L'actualité du livre
Bande dessinéeet Aventure  

Corto Maltese en Sibérie
de Hugo Pratt
Casterman 2001 /  22.9 €- 150  ffr. / 128 pages
ISBN : 2-203-34422-9
FORMAT : 23 X 31

Oulan Bator avant l’heure

Le plus désagréable dans l'art contemporain, depuis un demi siècle, c'est l’impossibilité de le lire sans s'être auparavant farci la moitié de l'oeuvre de Heidegger. C'est une des chances qui ont permis à la bande dessinée de s'imposer comme le grand art graphique populaire du siècle précédent : le génie, ou plus souvent le talent, s'y offrant au tout venant, fût-il à demi illettré, sans passer par l'intermédiaire d'un musée ni d'une grille d'interprétation.

On pourrait pourtant voir dans Corto Maltese, maintenant que Pratt est mort, un héros heideggerien. Pour dire les choses plus simplement, constatons que Corto, refusant l'inauthenticité d'une vie banale, choisit en permanence de vivre dans le souci. Héros post-moderne donc, et non plus héros romantique, non pas en quête d'un idéal, mais se projetant sans cesse dans cette attente de la mort, comme "possibilité absolument propre, inconditionnelle, indépassable"(L'Etre et le temps). Ne le voudrait-il pas que son double diabolique, Raspoutine, le lui rappellerait sans cesse ("j'aurais pu te tuer", lui fait-il remarquer à chacune de leurs rencontres).

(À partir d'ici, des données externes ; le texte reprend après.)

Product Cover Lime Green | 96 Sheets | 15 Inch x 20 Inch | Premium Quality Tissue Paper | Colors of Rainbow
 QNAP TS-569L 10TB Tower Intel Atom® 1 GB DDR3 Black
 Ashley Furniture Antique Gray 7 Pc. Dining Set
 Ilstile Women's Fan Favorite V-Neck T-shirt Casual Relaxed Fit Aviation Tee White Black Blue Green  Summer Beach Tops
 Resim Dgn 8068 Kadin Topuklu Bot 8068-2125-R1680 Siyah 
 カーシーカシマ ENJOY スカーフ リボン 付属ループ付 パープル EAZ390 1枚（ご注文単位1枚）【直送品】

C'est à cette façon radicalement nouvelle - pour un héros de bande dessinée - de s'inscrire dans le temps que le "gentilhomme de fortune" doit sa place particulière dans la mythologie du XXe siècle. Le temps pour lui n'est plus une donnée imposée de l'extérieur et passivement subie, pas plus qu'il ne se parcourrait, image déformée de l'espace, dans une quête sans fin d'aventures. L'existence de Corto est historicité, et c'est bien pour cela que l'histoire officielle n'a conservé aucune trace de lui : il n'en est pas un acteur, il est l'Histoire.

Et comme chacun sait, celle-ci ne ressert jamais deux fois le même plat. Ce que Casterman, gestionnaire avisé de son fonds de commerce, oublie judicieusement en nous proposant cette réédition de Corto Maltese en Sibérie (1979). Le prétexte de la mise en couleurs ­ habile mais tellement incongrue face aux planches conçues en noir et blanc par Pratt - est difficilement recevable. La couverture se garde d'ailleurs bien d'être coloriée. Les 19 pages de préface, en revanche, superbement illustrées d'aquarelles originales et de documents d'époque, justifie pleinement cette luxueuse édition. On y constatera donc, photos à l'appui, que les partenaires de Corto dans cette partie de campagne mongolienne ont, eux, laissé des traces ­ et leurs portraits ­ dans l'histoire. Ils ont pour nom Ungern-Sternberg, Soukhé Bator, Kolchak ou Semenov. Baron balte, bolchevique, amiral ou attaman des cosaques, tous ils ont écrit une page nouvelle et confusément héroïque de l'histoire. Corto, seul, l'a vécue.